March 06, 2018
On Tue, Mar 06, 2018 at 08:39:41AM -0700, Jonathan M Davis via Digitalmars-d-announce wrote: [...]
> Yeah. If you're dealing with generic code rather than a specific range type that you know is implicitly saved when copied, you have to use save so often that it's painful, and almost no one does it. e.g.
> 
> equal(lhs.save, rhs.save)
> 
> or
> 
> immutable result = range.save.startsWith(needle.save);
> 
> How well Phobos has done with this has improved over time as more and better testing has been added (testing for reference type ranges is probably the most critical to finding this particular problem), but I doubt that Phobos has it right everywhere, and I'm sure that the average programmer's code has tons of these problems.

In my own code, I often run into subtle bugs that arise from ranges being unintentionally consumed because I forgot to call .save.  So I tend to be extra careful about this.  But yeah, it's so easy to miss unless your code actually uses ranges where it would make a difference.


[...]
> Ranges are wonderfully powerful, but they become a royal pain to get right with truly generic code. And that's without getting into all of the arguments about whether stuff like whether transitive fronts should be allowed...

I know we have disagreed on this before, but in my mind, it's very simple. Generic code should basically be written in such a way that it does the most making the least assumptions. Meaning, don't assume the return value of .front persists beyond the next .popFront, don't assume iterating the range won't consume it, etc..  It's just basic defensive programming.  If the algorithm won't work without some of these assumptions, then make them explicit, either a part of the API, or clearly documented. IMNSHO, code that isn't written this way is just sloppy and a haven for hidden bugs.

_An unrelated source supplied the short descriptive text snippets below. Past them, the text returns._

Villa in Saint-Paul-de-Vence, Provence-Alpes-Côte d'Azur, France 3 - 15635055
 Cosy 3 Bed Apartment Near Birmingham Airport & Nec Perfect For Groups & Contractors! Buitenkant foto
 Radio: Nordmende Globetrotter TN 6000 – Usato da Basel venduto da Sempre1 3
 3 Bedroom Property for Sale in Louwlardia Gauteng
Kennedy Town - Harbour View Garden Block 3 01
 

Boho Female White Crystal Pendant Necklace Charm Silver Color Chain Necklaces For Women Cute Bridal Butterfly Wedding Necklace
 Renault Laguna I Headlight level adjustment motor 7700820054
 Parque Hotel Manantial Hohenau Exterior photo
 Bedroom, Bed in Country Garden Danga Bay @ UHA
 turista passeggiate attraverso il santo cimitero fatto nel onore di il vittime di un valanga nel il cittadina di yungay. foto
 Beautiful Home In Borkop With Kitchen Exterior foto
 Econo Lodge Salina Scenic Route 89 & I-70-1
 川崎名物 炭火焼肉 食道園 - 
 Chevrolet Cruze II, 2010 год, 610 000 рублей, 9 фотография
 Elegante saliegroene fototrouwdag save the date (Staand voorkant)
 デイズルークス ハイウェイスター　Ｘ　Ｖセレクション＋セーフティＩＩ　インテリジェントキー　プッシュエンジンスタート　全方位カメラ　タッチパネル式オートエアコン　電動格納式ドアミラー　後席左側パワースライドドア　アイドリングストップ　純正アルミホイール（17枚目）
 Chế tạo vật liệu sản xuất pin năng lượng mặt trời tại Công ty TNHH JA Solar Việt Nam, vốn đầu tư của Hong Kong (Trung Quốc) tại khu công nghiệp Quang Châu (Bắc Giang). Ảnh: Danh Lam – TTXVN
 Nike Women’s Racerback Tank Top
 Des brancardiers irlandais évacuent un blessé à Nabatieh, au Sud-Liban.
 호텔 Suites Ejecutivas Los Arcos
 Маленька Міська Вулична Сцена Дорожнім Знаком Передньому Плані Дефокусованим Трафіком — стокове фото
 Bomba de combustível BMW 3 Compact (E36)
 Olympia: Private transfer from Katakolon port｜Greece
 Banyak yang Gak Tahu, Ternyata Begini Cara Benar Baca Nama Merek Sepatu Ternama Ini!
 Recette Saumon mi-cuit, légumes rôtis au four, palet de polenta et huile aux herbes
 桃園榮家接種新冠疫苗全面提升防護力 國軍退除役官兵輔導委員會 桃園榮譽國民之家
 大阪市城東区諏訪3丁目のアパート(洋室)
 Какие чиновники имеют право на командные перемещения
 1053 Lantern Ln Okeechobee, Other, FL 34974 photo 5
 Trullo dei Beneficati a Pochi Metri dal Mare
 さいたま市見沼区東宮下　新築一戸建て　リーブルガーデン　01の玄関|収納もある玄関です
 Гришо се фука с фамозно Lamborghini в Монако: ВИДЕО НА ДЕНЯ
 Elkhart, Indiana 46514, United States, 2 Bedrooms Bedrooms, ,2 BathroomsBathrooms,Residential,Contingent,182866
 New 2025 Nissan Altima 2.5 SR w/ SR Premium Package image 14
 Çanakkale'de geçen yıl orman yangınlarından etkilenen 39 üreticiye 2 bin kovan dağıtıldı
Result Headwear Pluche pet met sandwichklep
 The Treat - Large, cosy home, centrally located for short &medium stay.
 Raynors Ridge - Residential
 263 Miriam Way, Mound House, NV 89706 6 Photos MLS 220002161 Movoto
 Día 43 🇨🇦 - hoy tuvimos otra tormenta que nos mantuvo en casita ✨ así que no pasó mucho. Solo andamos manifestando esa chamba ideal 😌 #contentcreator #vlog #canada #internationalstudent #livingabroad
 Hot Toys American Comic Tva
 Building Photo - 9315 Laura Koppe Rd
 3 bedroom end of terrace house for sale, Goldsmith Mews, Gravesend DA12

> Ranges are definitely one area where we could really use some redesign to iron out some of the issues that we've found over time, but their success makes them almost impossible to fix, because changing them would break tons of code. But annoyingly, that's often what happens when you implement a new idea. You simply don't have enough knowledge about it ahead of time to avoid mistakes; those are easy enough to make when you really know what you're doing, let alone with something new.
[...]

Andrei has said before, and probably on more than one occasion, that if he were to redesign ranges today, one of the things he would do differently was to change the definition of forward range so that .save is basically implicit on copying the range object, and non-forward input ranges would just be reference / non-copyable types.

But that boat has long sailed, and we just have to make do with what we have today. Changing this now will literally break just about *every* D program that uses ranges, which is breakage of an ecosystem-killing magnitude that I can't even contemplate.  I would much rather go with a less intrusive breakage like killing autodecoding with fire, than with something that will basically require me to rewrite practically every D program I ever wrote.


T

-- 
"You know, maybe we don't *need* enemies." "Yeah, best friends are about all I can take." -- Calvin & Hobbes
March 06, 2018
On Mon, Mar 05, 2018 at 10:21:47PM -0500, Nick Sabalausky (Abscissa) via Digitalmars-d-announce wrote:
> On 03/05/2018 12:38 PM, H. S. Teoh wrote:
> > 
> > This broke the by-value assumption inherent in much of Phobos code,
> 
> Wait, seriously? Phobos frequently passes ranges by value? I sincerely hope that's only true for class-based ranges and forward-ranges (and more specifically, only forward ranges where copying the range and calling .save are designed to do the exact same thing). Otherwise, that's really, *REALLY* bad since non-forward ranges *by definition* cannot be duplicated.

I think you misunderstood. :-D  Passing ranges by value means passing the range itself, usually a struct, which is a value type.  I did *not* say the *content* of ranges are *copied* -- that would be so horribly wrong that I would be thinking twice about using D for my projects. :-D


[...]
> The definition of "what is a forward/non-forward range" for
> struct-based ranges should have been "is this() @disabled (non-forward
> range), or is this() enabled *and* does the same thing as .save
> (forward range)?"
[...]

Yeah, Andrei has admitted before that this is probably what he would do today, if he were given a second chance to design ranges.  But at the time, the landscape of D was rather different, and certain language features didn't exist yet (sorry, can't recall exactly which off the top of my head), so he settled with the compromise that we have today.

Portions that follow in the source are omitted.